Sometimes the best adventures are found without a plan or a trail. My friends and I recently bushwhacked through a thick White Mountains forest to climb an unnamed slide near Mount Osceola. We didn’t reach a summit but we did experience an ascent that few, if any, people have climbed this winter.

Our original goal was to spend the weekend climbing a variety of routes in Huntington Ravine but our plan changed once we saw a forecast with subzero wind chills and wind speeds that made standing a challenge. Plan B was to set up camp at Greeley Pond and see what happened from there. We knew there were plenty of slides in the area along with Mount Osceola but we headed to the trail head with just an open mind and no specific goals.

The tiny Greeley Ponds trail head off the Kancamangus Highways was packed with cars which we sort of expected for the last weekend of winter.  It was pleasantly surprising to see how healthy the snow-pack looked after seeing bare ground just a few miles down the road in Lincoln, NH.

We had no idea what we would be doing that weekend so we packed shovels, ropes, snow pickets, ice axes and set out to find a suitable base camp.

The hike into Greeley Ponds was a flat example of White Mountains awesomeness with plenty of snow and a light snow falling. It was one of those days when tree branches are full of snow and everything looks like a perfect winter scene from a postcard. The trail was well packed and we probably didn’t need snowshoes but we wore them anyways since it was better than carrying them.

The first 1.3 miles flew by and we reached the junction with Mount Osceola looming in the background.  From here we decided to set up camp and then plot our next move.

It was not hard to find a perfect tent site. We quickly made camp and stowed our overnight gear in the tents to lighten our packs.

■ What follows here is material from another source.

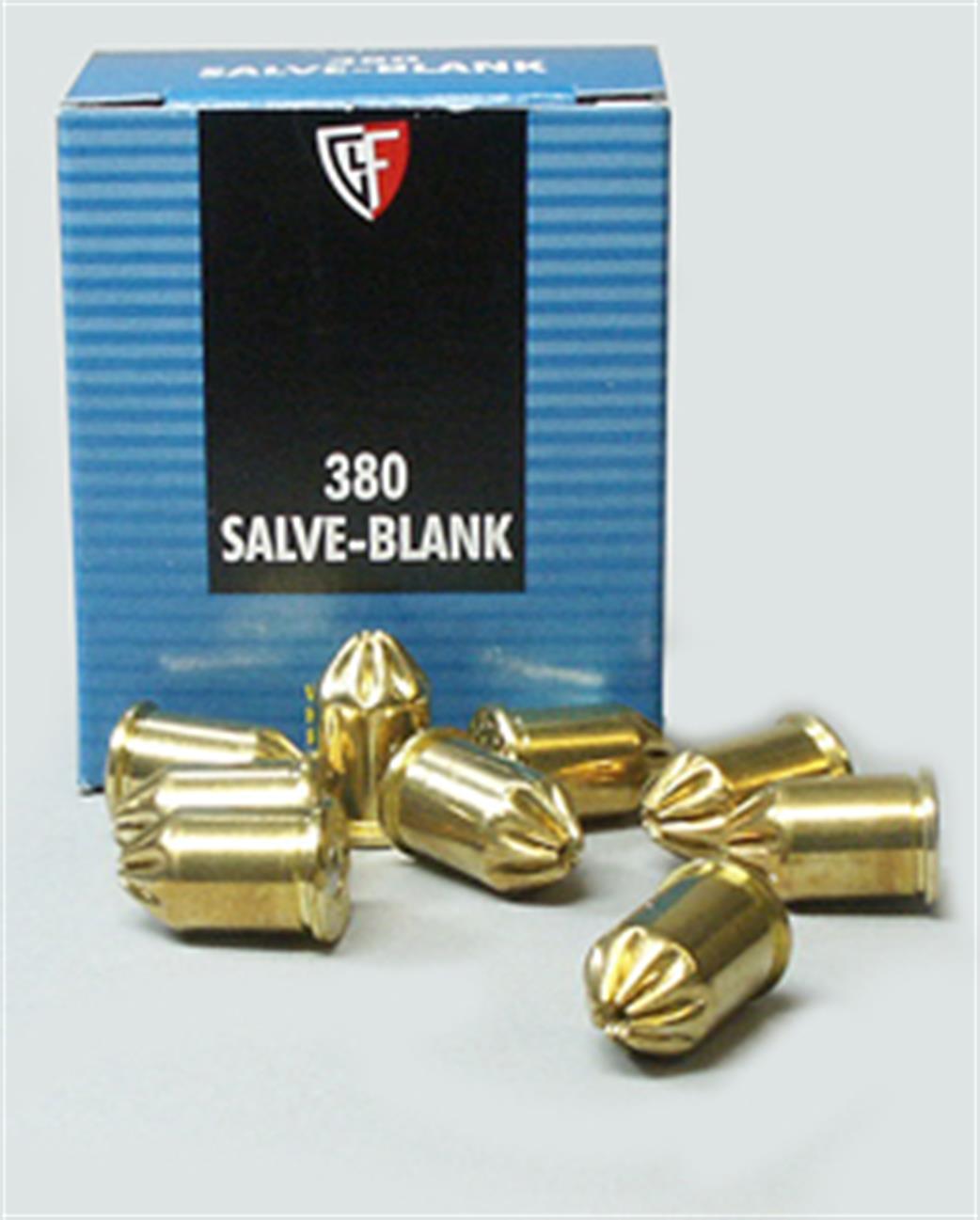 FIOCCHI 380 R 9mm Revolver Blanks A SALVE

Now we faced the tough choice of deciding what to do next. The weather was stable with occasional wind gusts. We had Mount Osceola a few miles away and several interesting slides that were visible from camp.

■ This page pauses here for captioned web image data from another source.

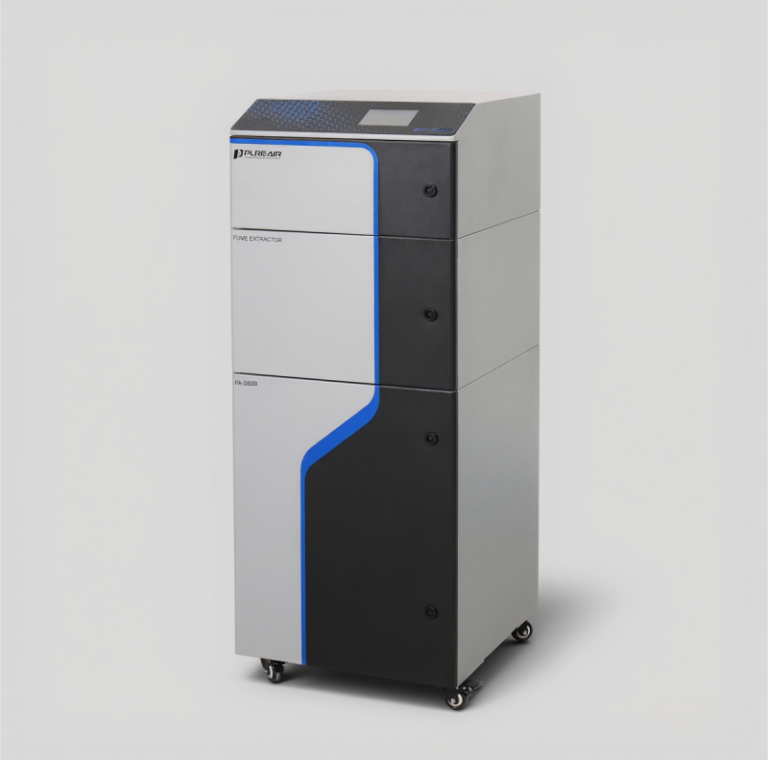 How a Fume Extractor Streamlines My Laser Engraving Workflow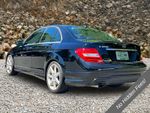 2014 Mercedes-Benz C-Class C 250 - Silver exterior view 10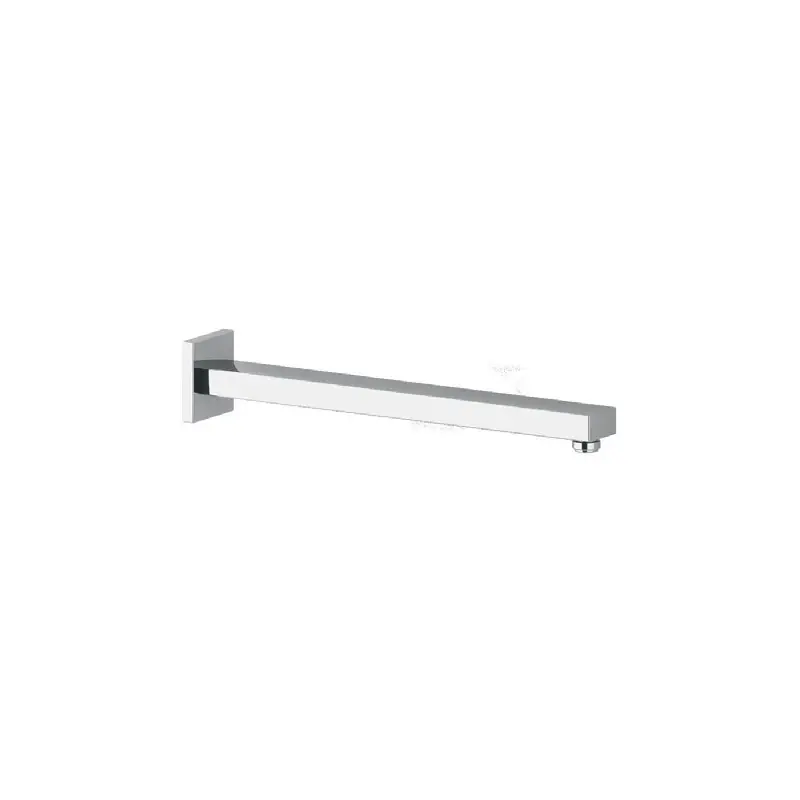 Braccio Doccia Pluvio Quadrato 30cm BNBRACBR180002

We all agreed that we wanted to climb something steep so we picked the closest slide and went for it.

This slide was at least a mile off of the trail so we had to pick a line and bushwhack uphill through a dense pine forest.

The tree cover got progressively thicker and steeper.

Then we suddenly emerged right at the base of the open slide we had viewed from camp; our line was perfect. The slide looked about as steep as the Tripyramid Slide so we decided to climb as two rope teams. This might not have been necessary but it was great practice.

As we moved onto the climb the wind gusts became sustained strong winds with blowing snow which certainly added to the fun.  We climbed in a zig-zag pattern with frequent breaks to evaluate our situation.

Climbing on the snowfield felt like being on Mount Rainier or in Tuckerman’s Ravine and it was even more awesome because we had it all to ourselves. Who knows who the last person to climb here was? Seriously though let me know if you know the answer to that!

Finally we reached a cliff that we were not prepared to climb and we knew it was time to turn back.

The trip down was even more intense than the ascent since it required complete focus to avoid falling but we found ourselves at the base of the slide very quickly.

From there we followed our footsteps back through the dense forest and back to the trail. We got an awesome view of the slide we had just climbed as we passed Greeley Pond on the way back to camp.
It was only 5 pm at that point but we settled into camp, had a hot meal and went to bed super early.

The next morning we woke up, packed up camp and made the easy trek back to the cars.

This adventure certainly was not what we had in mind for the weekend but now that it is done I wouldn’t have wanted it to work out any other way!

I should note that if you do plan to seek an off trail adventure please know what you are doing! Have a map, a compass and know how to use them. Hiking off trail is only awesome if you can safely navigate your way back.